The lack of proper classrooms for local children was also a big motivation for her and her husband to provide the land for the school.
“My husband also has a lot of compassion for those children who have not had proper classrooms to study in. The current school, which was built long ago, has only five classrooms, but they need seven to accommodate all the students.
“Some of them have to study at monasteries,” Kimhann said.
She noticed that students lose good opportunities to get support from other donors, especially Christian non-governmental organizations, when the school operates from the pagoda.
Kok Kpous primary school was founded with financial support from the royal government of Cambodia in 1996 on the pagoda land, Kok Kpous pagoda chief venerable Pov Chendara said
He said expansion or construction of more buildings or playgrounds in response to the needs of students was not possible because there was no specific and proper land ownership for the school.
Venerable Chendara said, “Because of these issues, I initiated a plan to buy new a plot of land somewhere nearby at a reasonable price, and then the school could be relocated. However, most of the land here is very pricy.
“When I heard that there was a donor who wanted to donate land to us, I was indescribably excited and flabbergasted.” The gifted land is just one kilometer away from the pagoda.
For venerable Chendra, Phany’s donation represents tremendous dedication. It not only helps relieve the financial burden on him but also is a vital investment in education and a generation of new human capital in the rural area.
And because a place has been agreed for the school relocation, another generous family in Siem Reap city has promised to build the single-story school with 10 classrooms. Construction will start soon and local children will see the benefits in the near future.
“If those young kids have bright future, our merit won’t fade away”
Asked if her family had any regrets about the land donation, Kimhann said without hesitation there was no reason for regret because the couple bought the land with money from their own sweat and blood.
“The land we gave away is not that big although there was a good deal offered,” she said.

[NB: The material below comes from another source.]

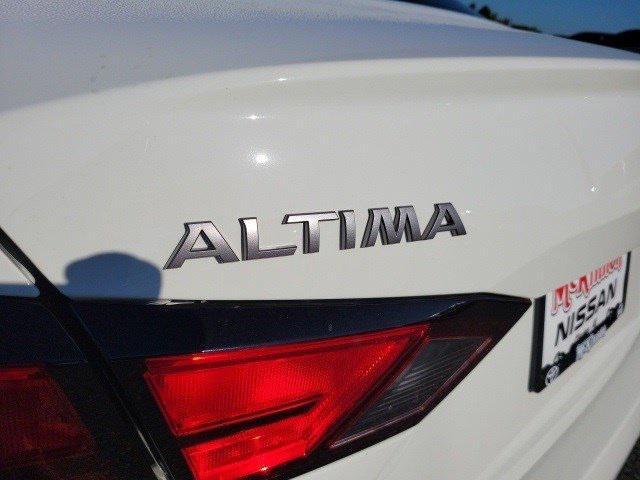 new 2025 Nissan Altima car, priced at $25,052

“But we didn’t regret doing so. Money we can earn gradually afterwards but doing good deeds is not that easy. We have seen deprived children who walk a long way to school, and school they study at has broken walls.
“And more importantly, the school itself doesn’t receive donations from outsiders.

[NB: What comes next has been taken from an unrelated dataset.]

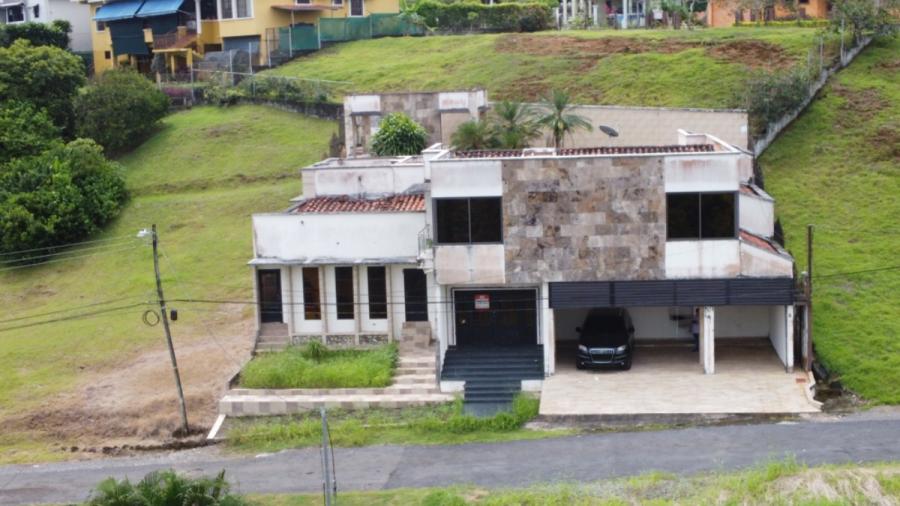 Home in Metric Way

“Frankly speaking, I don’t have much money. I only have some land for farming. But the land I donated had been acquired purely through our sweat and blood. If this land was inherited from our parents, we would not have dared to make this decision.”
Kimhann said she and her husband hoped that the children who will benefit from their donation will have a bright future as they accumulate knowledge after the new school is built.
“If they have a bright future, our good deed won’t vanish.”
Praising the land donation by Phany’s family, venerable Chendara also wished to see more Cambodians doing generous acts and contributing parts of their wealth to helping society based on their capacity.
“For me as a Khmer, contributing back either big or small to helping our society is a motivation. If we can help people in other places who are facing difficulties, it is even better. For our compatriots who are wealthy, if they are able to help our society and our children, they should do so.”